# 4 lbs. Russians



## Joseph Clemens (Feb 12, 2005)

Give them more space.


----------



## BeeKeep (Mar 30, 2006)

*I agree w/ J Clemens . .*

and not just because he's more experienced & wiser. . . .

A package is basically an artifical swarm. Swarms want to build up comb and forage. You need to give the comb builders space to work.


----------



## MapMan (May 24, 2007)

It's like putting ten pounds of 'taters into a five pound sack. 

MM


----------



## Countryboy (Feb 15, 2009)

The bees are probably drawing comb while hanging from the inner cover. If you do not remove the bees and comb from the inner cover, you are likely to end up with this mess.
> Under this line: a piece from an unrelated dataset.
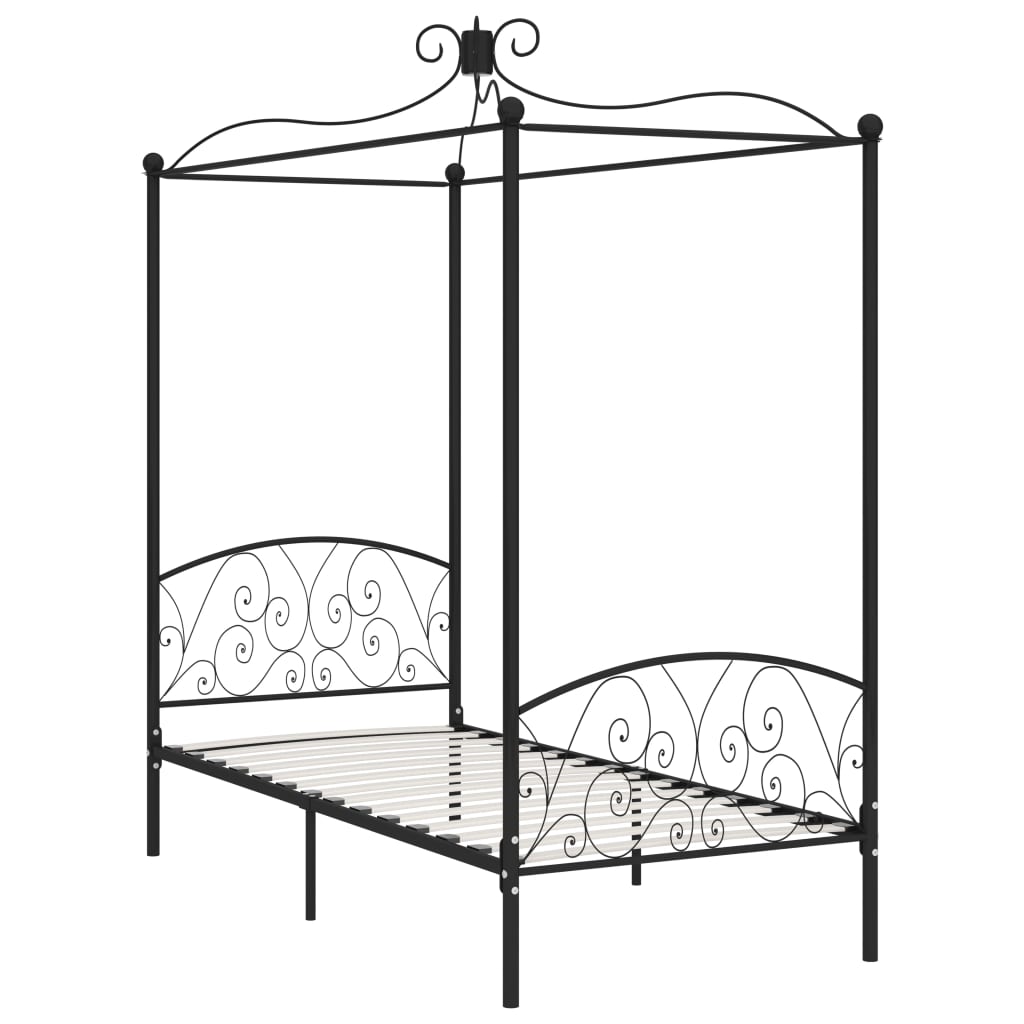 Himmelsengeramme svart metall 90x200 cm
http://www.bushfarms.com/beesnaturalcell.htm#combwidth


----------



## Kyle Meadows (Jul 14, 2006)

*Thanks*

Thanks for all the replies. I'll add a box tomorrow.
Question is, should I fill it with empty or drawn frames?


----------



## ClintonTull (Dec 7, 2008)

Arent russians comb crazy bees anyways?


----------



## sierrabees (Jul 7, 2006)

Kyle Meadows said:


> Thanks for all the replies. I'll add a box tomorrow.
> Question is, should I fill it with empty or drawn frames?


It's always nice to have lots of extra new comb. I would take advantage of this time of year when the bees are in a comb making mood and give them a super of empty frames with at least one drawn frame to start them out.


----------